In a retrospective analysis of this study, PD-L1 was showed as biomarker that predicted response to nivolumab in 174 out of 214 patients. The ORR was 26%vs 19% in patients with PD-L1 ≥ 1% compared with PD-L1 < 1%, it suggested that PD-L1 could be a potential biomarker associated with nivolumab treatment[12].

Cabozantinib is an oral tyrosine kinase inhibitor including VEGFR, MET, RET, KIT, and FLT3. In the phaseⅢ (CELESTIAL) study of cabozantinib vs placebo in 707 HCC patients with Child Pugh Class A who previously received sorafenib[15]. The characteristics of the patients were the median age of patients was 64 years, 82%male patients, 38% HBV infected, 25% HCV infected,78% had extrahepatic spread, 30% had macrovascular invasion, and 27% had received two prior systemic therapy[15]. This study has achieved mOS of 10.2 mo in cabozantinib vs 8 mo in placebo group[15]. It also achieved median PFS of 5.2 mo in cabozantinib vs 1.9 mo in placebo group, and ORR of 4% in cabozantinib group vs 0.4% in placebo group[15]. The most common grade 3/4 AEs were hand-foot syndrome (17%), HTN(16%), increased AST (12%), fatigue (10%), and diarrhea (10%)[15]. It suggested that cabozantinib has the potential to be an effective treatment for second line HCC.

Pembrolizumab is an immunotherapy that inhibits PD-1. In the Phase 2 study (KEYNOTE-224) of Pembrolizumab in 104 HCC patients with Child Pugh Class A who progressed on sorafenib treatment. The primary endpoint of this study was achieved with ORR of 16.3% with 1 CR[16]. The median PFS was 4.8 mo and the 6 mo PFS and OS rates were 43.1% and 77.9%,respectively[16]. About 94% of patients who responded,continue to respond at 6 mo[16]. The most common AEs were fatigue (21.2%) and increased AST (12.5%)[16]. The etiologies of HCC were HBV (21.2%) and HCV (26%)[16].The grade 3-5 AE was reported in 25% of patient with 1 death due to ulcerative esophagitis[16]. This study showed that pembrolizumab might have a good response in advanced HCC patients who progressed on sorafenib.
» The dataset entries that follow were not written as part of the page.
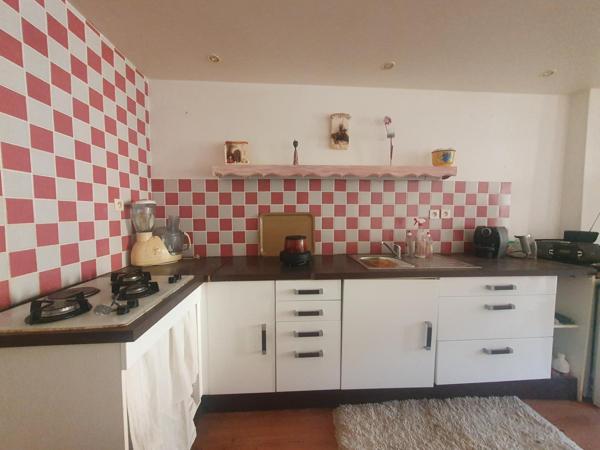 MAISON DE VILLE AVEC COURETTE 120M²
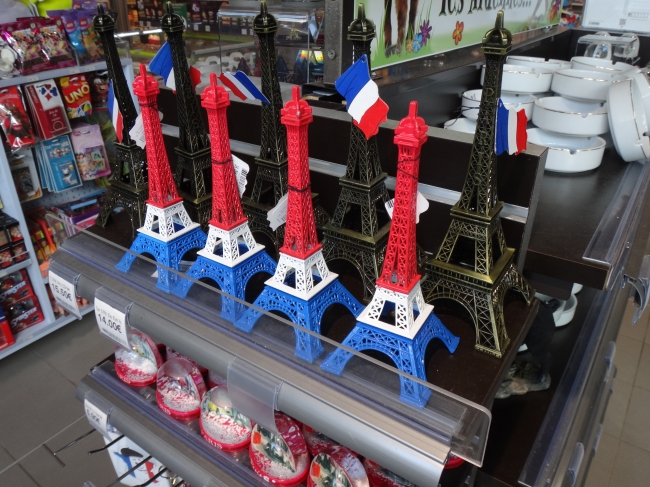 Vive La France!, a number of gift Eiffel Towers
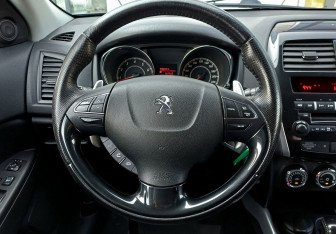 Подержанный автомобиль Peugeot 4008 2012 года (12 фото)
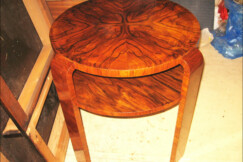 07-konferencni-stolek-orechova-korenice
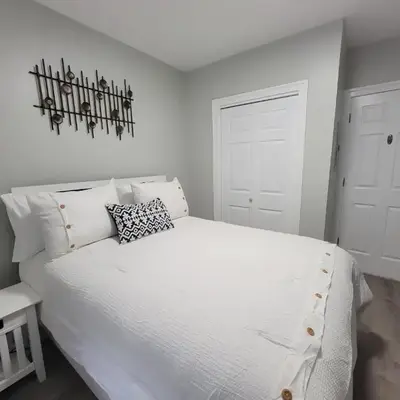 One room for rent shared bathroom and kitchen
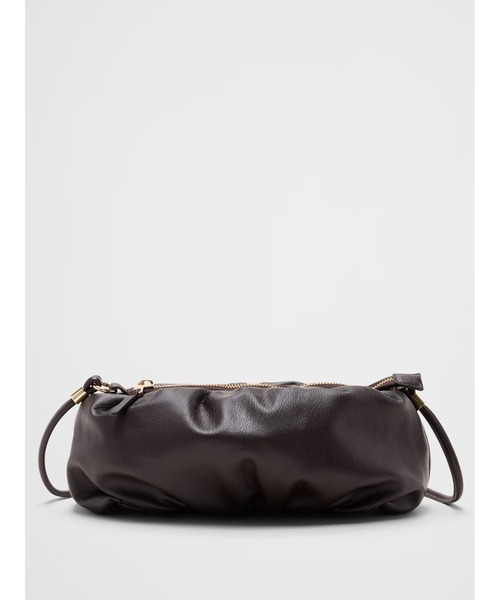 BANANA REPUBLIC FACTORY STORE(バナナリパブリック ファクトリーストア)の「BANANA REPUBLIC FACTORY STORE ヴィーガンレザー クラウドクロスボディバッグ(ショルダーバッグ・レディース・ブラック/ワイン・ONE SIZE)」の2枚目の写真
Ramucirumab is a fully monoclonal antibody (IgG1)that inhibits VEGFR2. In the phase Ⅲ study of ramucirumab vs placebo as a second line treatment in 565 HCC patients with Child Pugh Class A (REACH)[17].Eventhough there was no significantly improvement in mOS between patients who received ramucirumab vs placebo (9.2 mo vs 7.6 mo), ORR in ramucirumab group was higher than the placebo group (7% vs < 1%)[17]. The most common AEs were peripheral edema (36%), liver injury (30%), bleeding or haemorrhage (26%), ascites(22%), and fatigue (21%)[17]. The grade 3/4 AEs were liver injury (14%), hypertension (13%), ascites (5%),bleeding or haemorrhage (5%), and asthenia (5%)[17].The etiologies of HCC in this study were Hepatitis B (35%)and Hepatitis C (27%)[17]. In the prespecified subgroup retrospective analysis of 250 patients with α-fetoprotein(AFP) ≥ 400 ng/mL, the mOS was 7.8 mo (ramucirumab group) vs 4.2 mo (placebo group)[17]. It suggested that ramucirumab could be beneficial in HCC patients with AFP ≥ 400 ng/mL. AFP can potentially be used as a biomarker to predict the response of ramucirumab treatment in HCC patients. A phase Ⅲ study looking for HCC patients with AFP ≥ 400 ng/mL not prespecified is ongoing.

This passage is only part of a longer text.